EXERCISE BRIEF ▸ Beneath this line are the data; copy exactly the part of them that opens with the line containing "Helderberg Land Rover" and closes with the line containing "Certified 2022 Subaru", and only that part.
*****
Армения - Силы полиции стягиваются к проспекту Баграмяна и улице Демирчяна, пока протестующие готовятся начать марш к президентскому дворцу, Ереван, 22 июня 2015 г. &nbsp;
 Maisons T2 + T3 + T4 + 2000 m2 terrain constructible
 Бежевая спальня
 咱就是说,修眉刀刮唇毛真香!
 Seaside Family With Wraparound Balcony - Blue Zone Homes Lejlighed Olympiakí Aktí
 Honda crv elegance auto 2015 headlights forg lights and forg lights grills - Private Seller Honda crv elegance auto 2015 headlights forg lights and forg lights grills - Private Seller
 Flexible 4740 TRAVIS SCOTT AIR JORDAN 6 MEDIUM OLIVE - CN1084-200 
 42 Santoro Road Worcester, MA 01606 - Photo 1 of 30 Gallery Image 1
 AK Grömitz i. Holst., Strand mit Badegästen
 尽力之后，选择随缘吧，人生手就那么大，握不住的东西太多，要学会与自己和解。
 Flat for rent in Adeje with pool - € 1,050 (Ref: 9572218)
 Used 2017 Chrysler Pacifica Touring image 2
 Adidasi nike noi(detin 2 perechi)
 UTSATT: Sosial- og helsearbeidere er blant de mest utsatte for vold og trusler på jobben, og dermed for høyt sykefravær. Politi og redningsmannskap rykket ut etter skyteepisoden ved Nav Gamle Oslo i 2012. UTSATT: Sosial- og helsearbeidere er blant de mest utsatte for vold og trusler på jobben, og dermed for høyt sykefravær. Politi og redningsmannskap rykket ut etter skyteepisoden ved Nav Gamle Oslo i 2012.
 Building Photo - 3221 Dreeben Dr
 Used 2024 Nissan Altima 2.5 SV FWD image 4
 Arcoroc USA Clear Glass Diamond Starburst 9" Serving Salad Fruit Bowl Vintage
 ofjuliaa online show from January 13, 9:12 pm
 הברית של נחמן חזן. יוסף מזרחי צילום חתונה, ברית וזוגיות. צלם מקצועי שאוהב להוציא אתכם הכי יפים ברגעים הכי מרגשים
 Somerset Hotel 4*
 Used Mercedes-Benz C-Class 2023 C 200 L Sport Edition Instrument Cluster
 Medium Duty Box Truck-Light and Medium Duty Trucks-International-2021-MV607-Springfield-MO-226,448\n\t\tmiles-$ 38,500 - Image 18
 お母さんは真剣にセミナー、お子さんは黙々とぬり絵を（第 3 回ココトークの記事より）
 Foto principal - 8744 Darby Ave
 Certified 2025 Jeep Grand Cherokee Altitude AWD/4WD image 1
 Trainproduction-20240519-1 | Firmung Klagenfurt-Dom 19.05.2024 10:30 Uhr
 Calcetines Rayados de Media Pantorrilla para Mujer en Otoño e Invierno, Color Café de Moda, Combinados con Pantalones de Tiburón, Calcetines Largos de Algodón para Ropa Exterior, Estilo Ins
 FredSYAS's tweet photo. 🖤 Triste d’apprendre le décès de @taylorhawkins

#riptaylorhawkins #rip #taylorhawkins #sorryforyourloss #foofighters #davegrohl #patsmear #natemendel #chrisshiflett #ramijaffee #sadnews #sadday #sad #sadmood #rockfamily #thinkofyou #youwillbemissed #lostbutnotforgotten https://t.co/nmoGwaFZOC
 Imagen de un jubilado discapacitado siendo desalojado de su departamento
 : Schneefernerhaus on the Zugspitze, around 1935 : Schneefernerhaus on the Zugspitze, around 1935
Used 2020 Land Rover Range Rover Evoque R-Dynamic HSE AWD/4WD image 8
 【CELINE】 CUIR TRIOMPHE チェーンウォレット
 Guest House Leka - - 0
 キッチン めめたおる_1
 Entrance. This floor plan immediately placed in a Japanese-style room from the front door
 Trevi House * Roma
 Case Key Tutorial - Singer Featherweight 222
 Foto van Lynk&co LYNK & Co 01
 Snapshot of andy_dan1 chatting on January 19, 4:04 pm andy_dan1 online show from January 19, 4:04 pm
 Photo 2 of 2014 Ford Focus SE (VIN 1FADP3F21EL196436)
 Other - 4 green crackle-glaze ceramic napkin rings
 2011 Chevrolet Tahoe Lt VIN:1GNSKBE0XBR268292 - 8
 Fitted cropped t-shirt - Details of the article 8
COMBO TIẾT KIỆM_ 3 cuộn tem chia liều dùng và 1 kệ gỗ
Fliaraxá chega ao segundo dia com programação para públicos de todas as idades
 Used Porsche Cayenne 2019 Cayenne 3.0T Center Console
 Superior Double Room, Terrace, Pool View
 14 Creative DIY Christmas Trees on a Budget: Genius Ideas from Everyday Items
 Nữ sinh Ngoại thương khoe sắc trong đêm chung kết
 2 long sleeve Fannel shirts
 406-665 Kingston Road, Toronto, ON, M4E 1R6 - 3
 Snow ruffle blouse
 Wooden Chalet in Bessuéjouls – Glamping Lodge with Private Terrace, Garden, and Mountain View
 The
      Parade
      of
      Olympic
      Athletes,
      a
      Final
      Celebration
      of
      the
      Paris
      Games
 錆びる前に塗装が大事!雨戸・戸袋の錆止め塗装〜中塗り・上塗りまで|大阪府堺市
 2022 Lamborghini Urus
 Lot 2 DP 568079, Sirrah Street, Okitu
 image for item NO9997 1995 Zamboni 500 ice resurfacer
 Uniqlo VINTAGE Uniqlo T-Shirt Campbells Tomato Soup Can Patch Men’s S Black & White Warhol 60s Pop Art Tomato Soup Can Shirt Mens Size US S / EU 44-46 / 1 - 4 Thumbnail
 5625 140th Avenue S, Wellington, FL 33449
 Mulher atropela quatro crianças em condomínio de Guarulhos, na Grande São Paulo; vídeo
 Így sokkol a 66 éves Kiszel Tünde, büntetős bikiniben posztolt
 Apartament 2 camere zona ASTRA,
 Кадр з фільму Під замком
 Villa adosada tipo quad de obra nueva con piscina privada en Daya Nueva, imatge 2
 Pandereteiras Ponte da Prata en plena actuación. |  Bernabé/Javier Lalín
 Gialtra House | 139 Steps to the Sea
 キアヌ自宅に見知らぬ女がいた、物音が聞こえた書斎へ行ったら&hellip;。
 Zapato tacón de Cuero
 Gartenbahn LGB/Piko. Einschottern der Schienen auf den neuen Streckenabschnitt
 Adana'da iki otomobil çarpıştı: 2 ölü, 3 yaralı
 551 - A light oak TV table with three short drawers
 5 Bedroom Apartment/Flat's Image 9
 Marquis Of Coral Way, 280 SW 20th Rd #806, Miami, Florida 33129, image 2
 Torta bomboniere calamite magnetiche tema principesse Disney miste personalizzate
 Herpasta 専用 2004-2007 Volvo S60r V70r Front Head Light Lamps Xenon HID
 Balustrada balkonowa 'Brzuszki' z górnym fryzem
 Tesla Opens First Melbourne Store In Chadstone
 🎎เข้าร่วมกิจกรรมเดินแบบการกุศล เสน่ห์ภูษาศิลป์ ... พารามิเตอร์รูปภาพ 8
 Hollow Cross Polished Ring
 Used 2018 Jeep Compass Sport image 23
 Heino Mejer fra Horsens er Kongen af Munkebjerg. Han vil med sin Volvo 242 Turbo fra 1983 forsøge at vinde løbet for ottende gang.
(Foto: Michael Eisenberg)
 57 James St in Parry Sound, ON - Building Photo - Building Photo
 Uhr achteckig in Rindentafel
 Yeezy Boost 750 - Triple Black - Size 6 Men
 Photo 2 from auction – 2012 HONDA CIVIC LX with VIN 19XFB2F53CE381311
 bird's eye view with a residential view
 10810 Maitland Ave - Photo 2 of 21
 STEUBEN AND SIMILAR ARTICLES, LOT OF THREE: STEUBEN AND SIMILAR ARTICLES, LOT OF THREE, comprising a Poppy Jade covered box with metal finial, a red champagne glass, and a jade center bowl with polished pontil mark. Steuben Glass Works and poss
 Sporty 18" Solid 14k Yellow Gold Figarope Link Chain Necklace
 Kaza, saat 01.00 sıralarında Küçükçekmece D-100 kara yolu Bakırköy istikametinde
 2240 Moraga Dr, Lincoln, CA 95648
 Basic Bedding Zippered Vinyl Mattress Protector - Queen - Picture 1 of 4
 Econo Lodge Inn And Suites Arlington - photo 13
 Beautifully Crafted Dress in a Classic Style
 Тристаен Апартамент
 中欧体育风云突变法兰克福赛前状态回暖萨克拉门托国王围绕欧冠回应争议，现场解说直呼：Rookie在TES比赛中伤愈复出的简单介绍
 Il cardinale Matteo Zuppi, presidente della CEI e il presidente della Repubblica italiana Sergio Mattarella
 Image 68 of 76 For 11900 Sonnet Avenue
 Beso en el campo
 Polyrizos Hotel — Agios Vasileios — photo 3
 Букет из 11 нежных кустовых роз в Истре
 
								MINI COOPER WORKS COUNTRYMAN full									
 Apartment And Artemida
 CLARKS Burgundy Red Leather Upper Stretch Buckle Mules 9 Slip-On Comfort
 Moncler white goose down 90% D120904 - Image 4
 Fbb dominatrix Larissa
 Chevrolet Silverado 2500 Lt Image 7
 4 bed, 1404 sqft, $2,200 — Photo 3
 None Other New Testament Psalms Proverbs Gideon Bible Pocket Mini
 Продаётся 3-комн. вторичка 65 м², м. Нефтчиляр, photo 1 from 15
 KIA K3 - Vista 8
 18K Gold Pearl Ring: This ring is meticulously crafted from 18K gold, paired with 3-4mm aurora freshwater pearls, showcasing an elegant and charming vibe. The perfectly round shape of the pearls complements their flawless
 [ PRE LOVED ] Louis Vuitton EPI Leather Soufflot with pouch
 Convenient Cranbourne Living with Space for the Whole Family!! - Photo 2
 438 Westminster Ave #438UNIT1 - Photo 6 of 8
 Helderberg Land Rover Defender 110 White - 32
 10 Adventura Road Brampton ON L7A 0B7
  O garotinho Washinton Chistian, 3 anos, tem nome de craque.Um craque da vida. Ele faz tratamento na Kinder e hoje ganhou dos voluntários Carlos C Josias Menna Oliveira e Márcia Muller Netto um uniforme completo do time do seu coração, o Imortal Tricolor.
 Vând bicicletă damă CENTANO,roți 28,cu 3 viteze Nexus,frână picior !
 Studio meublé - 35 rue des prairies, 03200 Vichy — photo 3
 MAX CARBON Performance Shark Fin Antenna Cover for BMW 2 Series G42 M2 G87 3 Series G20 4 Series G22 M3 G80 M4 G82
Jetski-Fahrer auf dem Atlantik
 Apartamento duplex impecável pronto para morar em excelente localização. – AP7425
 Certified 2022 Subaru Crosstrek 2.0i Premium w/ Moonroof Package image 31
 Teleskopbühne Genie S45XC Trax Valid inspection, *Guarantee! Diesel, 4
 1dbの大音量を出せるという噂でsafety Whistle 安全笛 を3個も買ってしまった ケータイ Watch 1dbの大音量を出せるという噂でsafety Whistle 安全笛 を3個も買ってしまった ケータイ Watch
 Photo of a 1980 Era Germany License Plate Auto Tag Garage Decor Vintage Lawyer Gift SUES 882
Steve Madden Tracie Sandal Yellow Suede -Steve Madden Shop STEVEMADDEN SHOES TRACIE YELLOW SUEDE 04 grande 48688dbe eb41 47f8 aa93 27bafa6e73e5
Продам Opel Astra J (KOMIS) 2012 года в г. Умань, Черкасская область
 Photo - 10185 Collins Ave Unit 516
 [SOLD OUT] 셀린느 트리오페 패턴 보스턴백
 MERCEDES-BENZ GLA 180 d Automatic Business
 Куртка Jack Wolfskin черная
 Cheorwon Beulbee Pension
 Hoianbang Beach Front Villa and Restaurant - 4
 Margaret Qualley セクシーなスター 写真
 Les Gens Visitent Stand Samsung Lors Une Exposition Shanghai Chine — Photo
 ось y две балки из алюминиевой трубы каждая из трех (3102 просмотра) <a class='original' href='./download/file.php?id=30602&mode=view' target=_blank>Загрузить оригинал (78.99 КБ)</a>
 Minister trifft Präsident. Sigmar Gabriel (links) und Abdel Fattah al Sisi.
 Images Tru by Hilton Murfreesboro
*****
REPLY ▸
 Helderberg Land Rover Defender 110 White - 32
 10 Adventura Road Brampton ON L7A 0B7
  O garotinho Washinton Chistian, 3 anos, tem nome de craque.Um craque da vida. Ele faz tratamento na Kinder e hoje ganhou dos voluntários Carlos C Josias Menna Oliveira e Márcia Muller Netto um uniforme completo do time do seu coração, o Imortal Tricolor.
 Vând bicicletă damă CENTANO,roți 28,cu 3 viteze Nexus,frână picior !
 Studio meublé - 35 rue des prairies, 03200 Vichy — photo 3
 MAX CARBON Performance Shark Fin Antenna Cover for BMW 2 Series G42 M2 G87 3 Series G20 4 Series G22 M3 G80 M4 G82
Jetski-Fahrer auf dem Atlantik
 Apartamento duplex impecável pronto para morar em excelente localização. – AP7425
 Certified 2022 Subaru Crosstrek 2.0i Premium w/ Moonroof Package image 31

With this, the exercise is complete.